US economy: Too-loose financial conditions versus too-low inflation
In spite of dilemma, we still think the Fed will announce plans to shrink balance sheet in September and will hike rates again in December.
Several Federal Reserve (Fed) officials, and a few foreign central bankers, will meet for their traditional August gathering in Jackson Hole, Wyoming, on 24–26 August. Fed Chair Janet Yellen will give the opening speech on Friday (08:00 local time, 16:00 Geneva), but with neither a Q&A session, nor a scheduled media briefing. Unlike her predecessor, Ben Bernanke, Yellen has put less emphasis on Jackson Hole as a back-from-summer communication method, preferring instead to go there for what it has been since Paul Volcker’s era at the Fed – merely a research seminar for central bankers. Wall Street economists are no longer invited, for instance.
The meeting takes place amid an acute dilemma for the Fed. Despite a few Fed rate hikes since end-2015, financial conditions have remained very loose. High asset prices are worrying Fed officials, and also the influential Fed staff. However, inflation remains stubbornly low, which significantly constrains the Fed’s freedom of action. In recent years, Yellen would argue that financial regulation must be kept tight to avoid asset-price bubbles, while monetary policy should stay loose to help kick-start the economy.
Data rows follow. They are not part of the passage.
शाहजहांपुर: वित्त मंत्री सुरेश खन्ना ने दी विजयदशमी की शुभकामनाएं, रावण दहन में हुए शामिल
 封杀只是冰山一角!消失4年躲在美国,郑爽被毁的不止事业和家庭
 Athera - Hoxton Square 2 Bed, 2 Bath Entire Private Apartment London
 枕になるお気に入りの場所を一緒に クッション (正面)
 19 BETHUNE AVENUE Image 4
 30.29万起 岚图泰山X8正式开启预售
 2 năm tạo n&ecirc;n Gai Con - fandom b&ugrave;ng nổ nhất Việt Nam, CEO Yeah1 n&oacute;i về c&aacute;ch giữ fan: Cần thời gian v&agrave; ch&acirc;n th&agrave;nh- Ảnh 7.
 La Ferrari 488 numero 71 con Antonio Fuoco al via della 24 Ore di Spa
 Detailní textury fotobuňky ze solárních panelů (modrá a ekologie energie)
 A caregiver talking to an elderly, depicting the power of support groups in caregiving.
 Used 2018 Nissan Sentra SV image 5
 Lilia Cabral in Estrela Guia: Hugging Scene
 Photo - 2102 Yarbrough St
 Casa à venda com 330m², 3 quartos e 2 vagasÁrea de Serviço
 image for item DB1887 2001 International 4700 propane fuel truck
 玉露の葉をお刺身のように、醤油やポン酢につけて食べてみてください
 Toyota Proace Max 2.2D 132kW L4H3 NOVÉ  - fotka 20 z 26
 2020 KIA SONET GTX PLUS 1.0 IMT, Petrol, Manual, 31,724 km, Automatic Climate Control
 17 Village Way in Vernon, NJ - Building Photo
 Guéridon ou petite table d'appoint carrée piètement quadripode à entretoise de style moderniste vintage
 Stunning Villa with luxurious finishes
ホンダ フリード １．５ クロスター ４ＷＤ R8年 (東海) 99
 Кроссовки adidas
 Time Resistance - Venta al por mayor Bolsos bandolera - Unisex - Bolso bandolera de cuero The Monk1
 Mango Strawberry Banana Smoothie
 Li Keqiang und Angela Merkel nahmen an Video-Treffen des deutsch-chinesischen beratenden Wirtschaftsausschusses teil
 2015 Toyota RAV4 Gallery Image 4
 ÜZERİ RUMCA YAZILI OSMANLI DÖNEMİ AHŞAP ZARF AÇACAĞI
But now, with an unemployment rate below the Fed’s “longer-run” rate of 4.6%, she is more open to the idea of continuing the gradual normalisation in rates. Influential New York Fed president Bill Dudley spoke in a similar vein lately, ignoring recent low inflation prints while hinting at a hike in December.
With loose financial conditions front-and-centre right now at the Fed, we think it will go ahead with announcing plans to shrink the balance sheet at the September meeting, and hike rates at the December meeting.